Danke das geht wunderbar!
Wie kann ich denn das machen dass z.B. auch ein " / " für die telefonnummer erlaubt ist?
Ich kenne mich mit regulären Ausdrücken nicht aus!
Nochmal danke für deine Antwort!

Gruß
Happymaker


----------



## Slacki (25. Februar 2009)

auch wenns schon ein UUUraltes Thema ist....
ich habe ein ähnliches problem und würde das gern mit einem Cast lösen

ich habe ein JTextfield mit einem KeyEventListener (e)

Wenn der User nun was Tippt möchte ich per Cast prüfen obs ein Int ist.
Wie ich den vorherigen Inhalt des TextFields bekomme weiss ich schon, aber wie
bekomme ich den Aktuellen (also quasi getText()+e.getChar()) ?

lg
Manuel


----------



## zeja (26. Februar 2009)

Mit Casten kannst du natürlich nicht prüfen ob es ein Int ist. Die Eingabe ist ja ein String und kein int. Hast du das Beispiel von Tom mal ausprobiert?


----------



## Slacki (27. Februar 2009)

Das Beispiel von Tom ist mir ehrlich gesagt zu umständlich...

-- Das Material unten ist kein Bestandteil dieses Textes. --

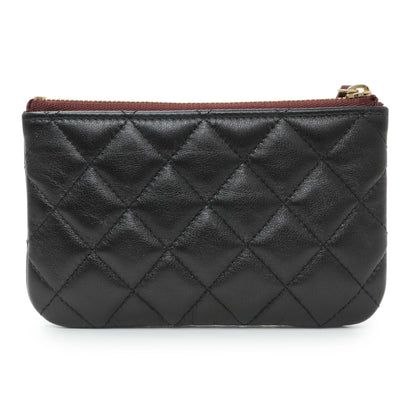 Exclusive Chanel Black Lambskin Quilted Small Cosmetic Case — Side View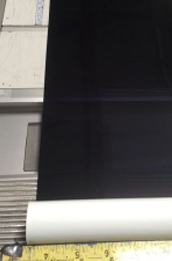 Mylar sun shade material carefully measured to customer-provided dimensions before fabrication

Mit dem Casten kann ich überprüfen obs ein Int ist.
Wenn eine Exception ausgelöst wird wars wohl kein int 

Ist es denn nicht möglich bei einem KeyEvent den Vorher/Nachher Wert
abzufragen ?


----------



## DosCoder (27. Februar 2009)

Hi,
das habe ich dir gestern doch schon mal erklärt:
http://www.tutorials.de/forum/swing...eylistener-e-quelle-bekommen.html#post1735209
Ciao
DosCoder


----------



## jeipack (27. Februar 2009)

zeja hat gesagt.:


> Mit Casten kannst du natürlich nicht prüfen ob es ein Int ist. Die Eingabe ist ja ein String und kein int. Hast du das Beispiel von Tom mal ausprobiert?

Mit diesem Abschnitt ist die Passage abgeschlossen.